> [WHAT IS REQUIRED]: Verbatim repeat, images excluded. Give each entry again as written.

> [RECORDS PROVIDED]:
####################

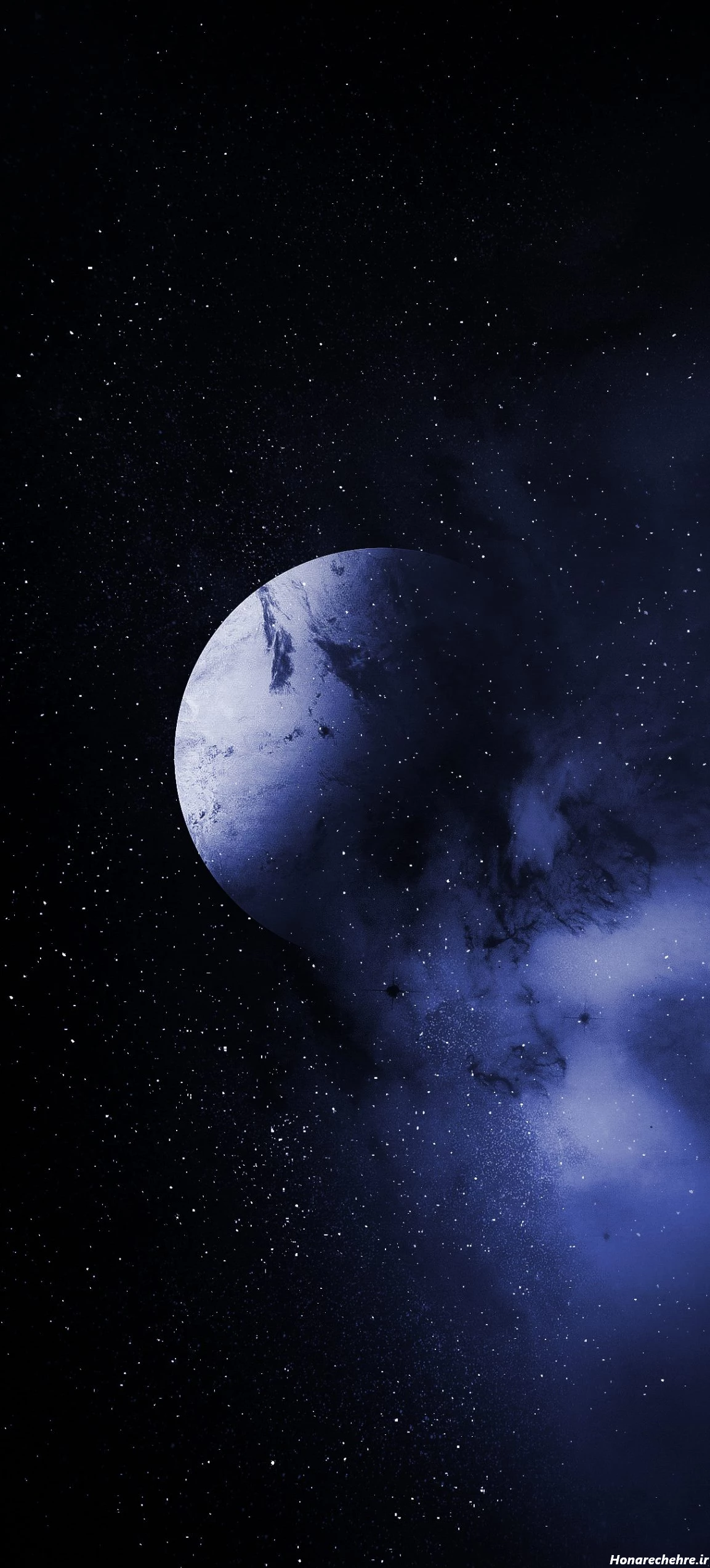 جدیدترین عکس فضا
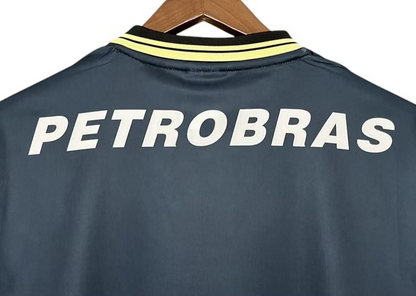 Retro Flamengo GK Shirt 1997/1998 - Retro Shirt Stories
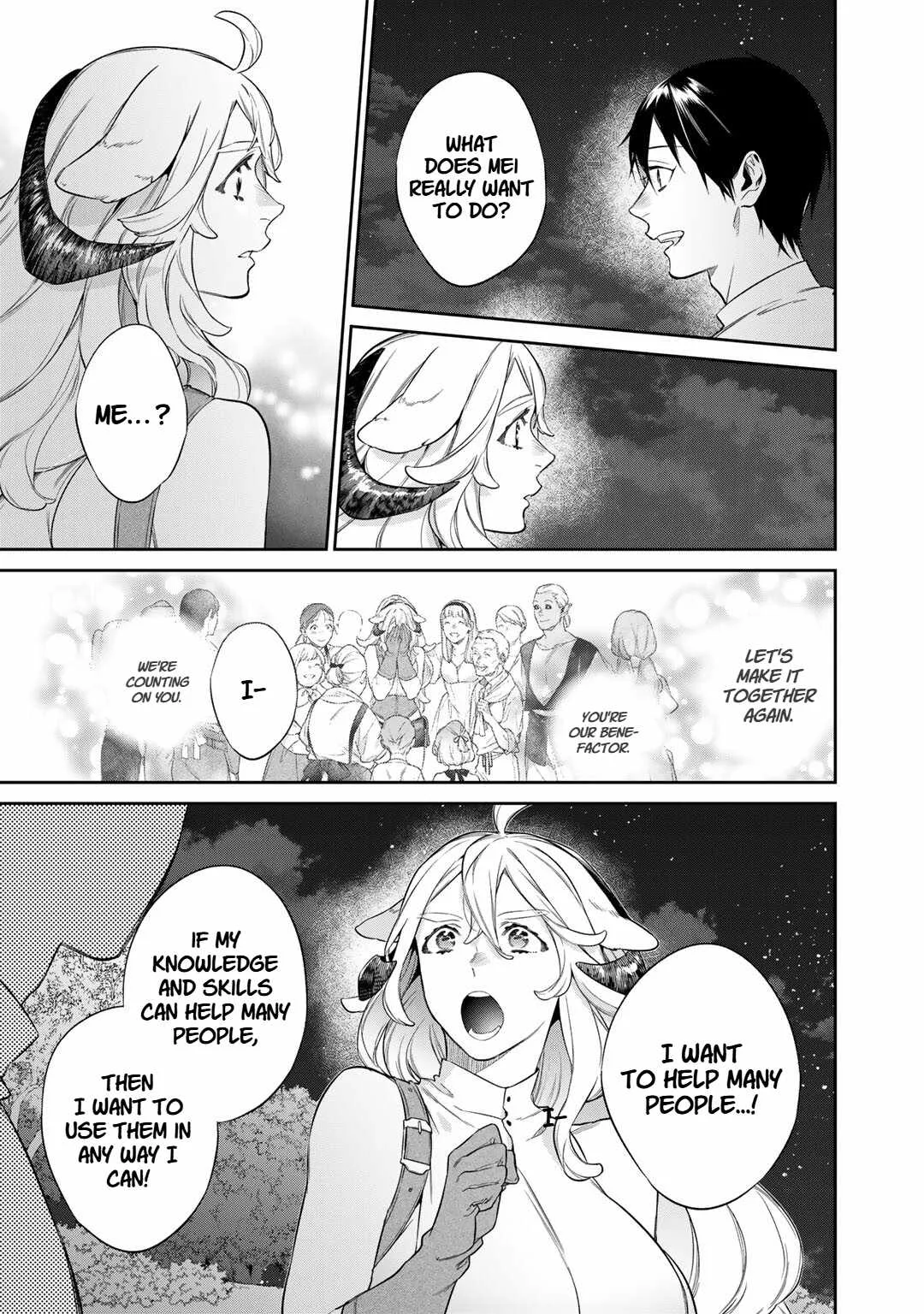 Reincarnation into the Barrier Master Chapter 52 page 23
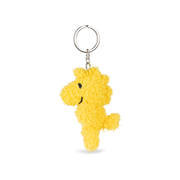 Bon Ton Toys x Peanuts  Keychain Woodstock Yellow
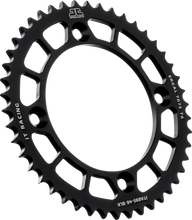 Load image into Gallery viewer, JT Sprockets Rear Sprocket - Black - 46 Tooth - KTM/Husqvarna JTA895.46BLK - Main Product View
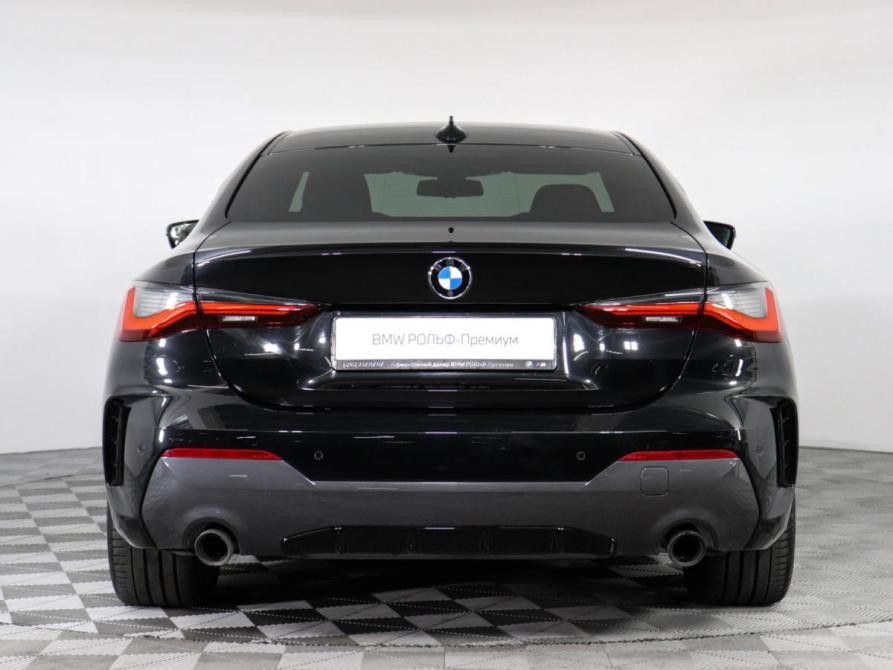 BMW 4 серии G22 G23 G26 Химки  - изображение 4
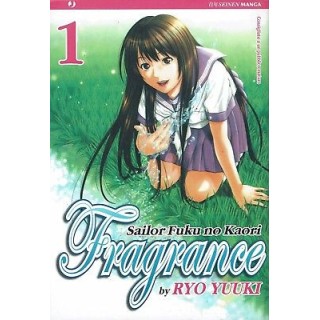 Fragrance 1di2 di R.Yuuki ed.J Pop SCONTO 50% NUOVO 2,95€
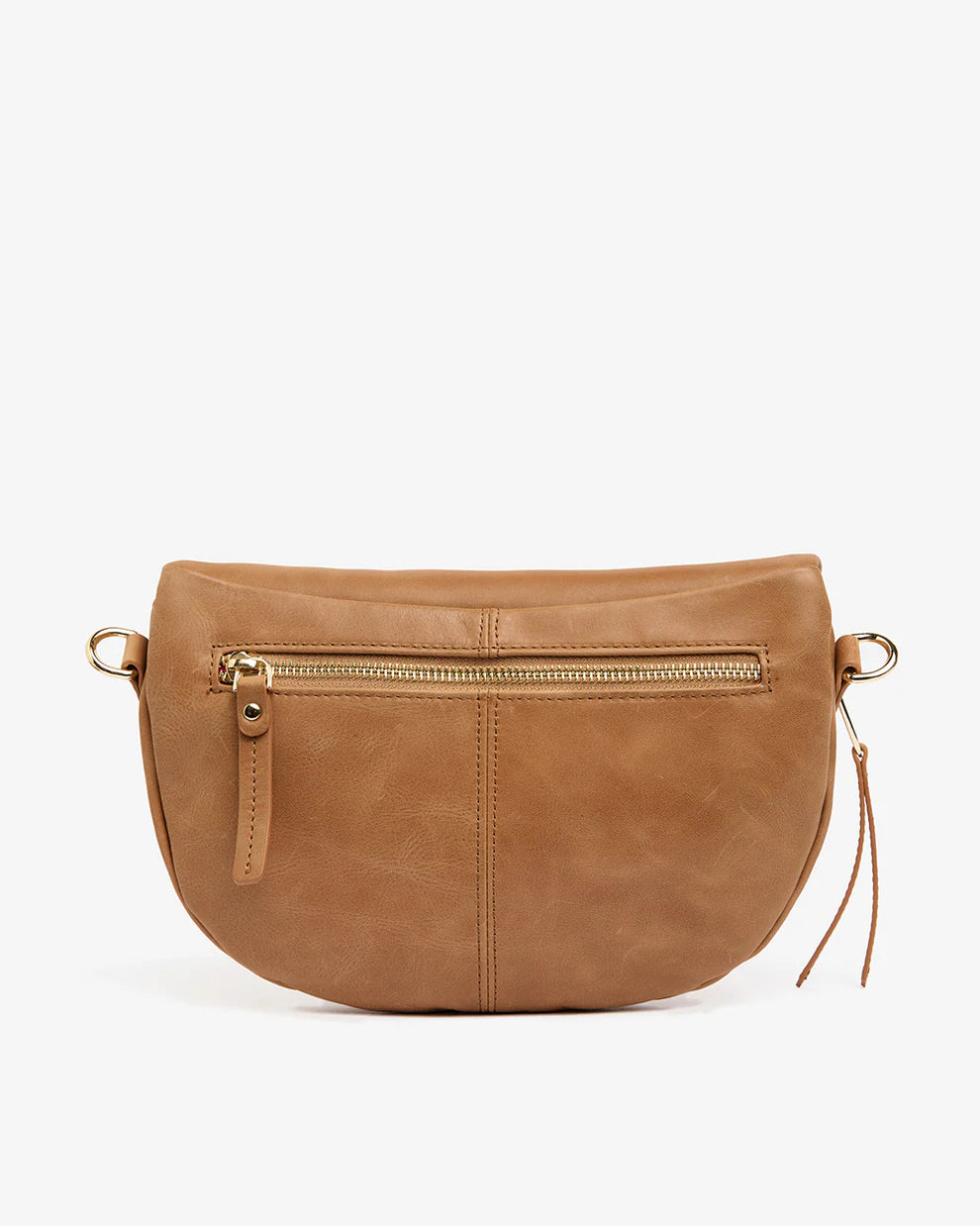 Zara Sling Bag Tan The Woodsfolk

####################

> [EXERCISE ANSWER]:
 جدیدترین عکس فضا
 Retro Flamengo GK Shirt 1997/1998 - Retro Shirt Stories
 Reincarnation into the Barrier Master Chapter 52 page 23
 Bon Ton Toys x Peanuts  Keychain Woodstock Yellow
 Load image into Gallery viewer, JT Sprockets Rear Sprocket - Black - 46 Tooth - KTM/Husqvarna JTA895.46BLK - Main Product View
 BMW 4 серии G22 G23 G26 Химки  - изображение 4
 Fragrance 1di2 di R.Yuuki ed.J Pop SCONTO 50% NUOVO 2,95€
 Zara Sling Bag Tan The Woodsfolk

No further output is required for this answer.